Internet Cafés dying a slow painful death

04th October 2017
BAD BUSINESS: Internet Café’s are no longer profitable. Source:The Midweek Sun


By Keikantse Lesemela - Reporter

As the country is rapidly catching up with Information Communication Technology developments, Small Medium Enterprises in the Information Communication Technology industry are not benefiting from the developments. Recently visiting the Internet service providers operating as the Internet Cafes, The Midweek Sun learnt that since the introduction of smart phones Internet business has been gradually going down. Available figures from Botswana Communications Regulatory Authority indicate that Botswana has one of the highest record of mobile penetration at 176 percent, internet users stand at 21.4 percent while the fixed line telephony services stand at 8.2 percent.

Gaopalelwe Bodietswane, a youth who has operated an Internet café since 2008 in Kanye, said Internet business is no longer profitable due to the use of smartphones. “Internet services business is as good as non-existent because people are now accessing Internet through smart phones. In a week we can have three or five people,” said Bodietswane. He said in the first five years they used to have about 100 customers in a day.

They are currently making money through printing and photocopying services. Customers who come to use the Internet are only those who are doing online applications, but they are very few. In a week we make around P50 from internet services, sometimes we can make money from helping customers to install applications into their mobile phones, that’s when we can make around P100 in a day,” said Bodietswane.

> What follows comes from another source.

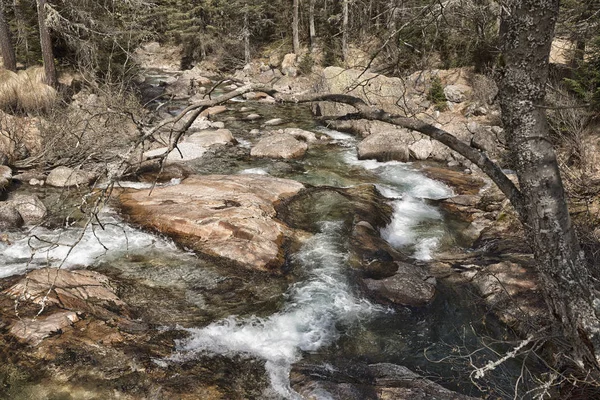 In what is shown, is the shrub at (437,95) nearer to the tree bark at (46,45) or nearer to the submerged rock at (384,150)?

Bodietswane is using Botswana Telecommunications Corporation (BTC) Internet connection offering both LAN and Wifi to customers. He said the free Internet provided by the village library has also contributed to the decline of their business. Currently BTC Hotspots have not yet been deployed in Kanye and there are about four internet cafés in the village. Shanthi George who started the business in 1999 said she used to have more than 100 customers per day but they have since reduced to less than five or none these days. She said if the government wants to provide free Internet access to customers they should come up with a proper strategy that does not kill the small businesses.

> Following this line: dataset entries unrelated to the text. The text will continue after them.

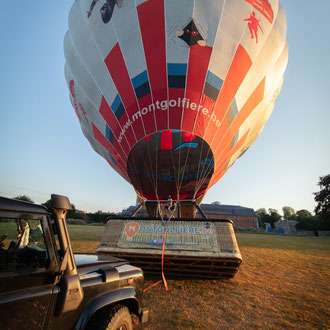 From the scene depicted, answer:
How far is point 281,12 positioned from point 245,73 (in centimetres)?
369

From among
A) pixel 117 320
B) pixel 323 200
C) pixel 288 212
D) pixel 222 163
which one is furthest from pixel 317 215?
pixel 288 212

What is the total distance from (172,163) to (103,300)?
528 cm

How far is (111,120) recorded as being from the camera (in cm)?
761

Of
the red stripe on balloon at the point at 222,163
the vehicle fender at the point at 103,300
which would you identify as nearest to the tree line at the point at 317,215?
the red stripe on balloon at the point at 222,163

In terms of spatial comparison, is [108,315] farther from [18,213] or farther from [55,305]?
[18,213]

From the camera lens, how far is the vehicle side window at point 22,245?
4.83 ft

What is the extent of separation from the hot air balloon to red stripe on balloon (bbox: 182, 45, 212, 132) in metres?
0.03

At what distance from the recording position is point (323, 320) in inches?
123

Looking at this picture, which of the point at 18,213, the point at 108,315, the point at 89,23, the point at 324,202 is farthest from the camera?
the point at 324,202

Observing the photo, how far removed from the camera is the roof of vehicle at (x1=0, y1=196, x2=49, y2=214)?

“As the Internet accessibility is now available to everyone everywhere our businesses are collapsing. Most of these businesses are operated by the youth so if their businesses collapse what will happen to them?” asked a despondent George. Another Internet Café operator, Thabang Kamodi said the internet service is not a profitable business. He said he is currently making money through photocopying and printing. “Internet service does not make money at all we are only operating the printing and photocopying services.

In a week we make less than P100 from internet users. People are now accessing internet from smart phones,” he said. In 2015 Botswana Fibre Network (BoFiNet) deployed Internet infrastructure (Fibre To The X) to provide Wifi connectivity in strategic areas around the country. The Wifi infrastructure was meant to ensure that Public Telephony Operators (PTOs) and Internet Service Providers (ISPs) are able to respond to their customers’ mobility and trends, at affordable and competitive prices with the highest level of quality of service and customer experience.

BoFiNet Chief Executive, Mabua Mabua told The Midweek Sun that the market needs to continuously bring various ways that can allow consumers to enjoy to the fullest capacity. “We believe that as a country that has invested extensively in communications infrastructure and internet that comes into the country as a whole, the market needs to continuously bring various ways that can allow consumers to enjoy to the fullest capacity the potential that this infrastructure can deliver,” He said ideally, Public WiFi is one way of realising this return as it offers users the ability to access content and surf the internet affordably and conveniently. “The strategic areas selected thus far are highly populated locations, which means that the service reaches many and provides a wide range of benefits as intended. I believe the usage will continue to grow as more areas are covered and the market comes with innovative partnership initiatives that will translate to low cost for the consumer and increase penetration,” said Mabua.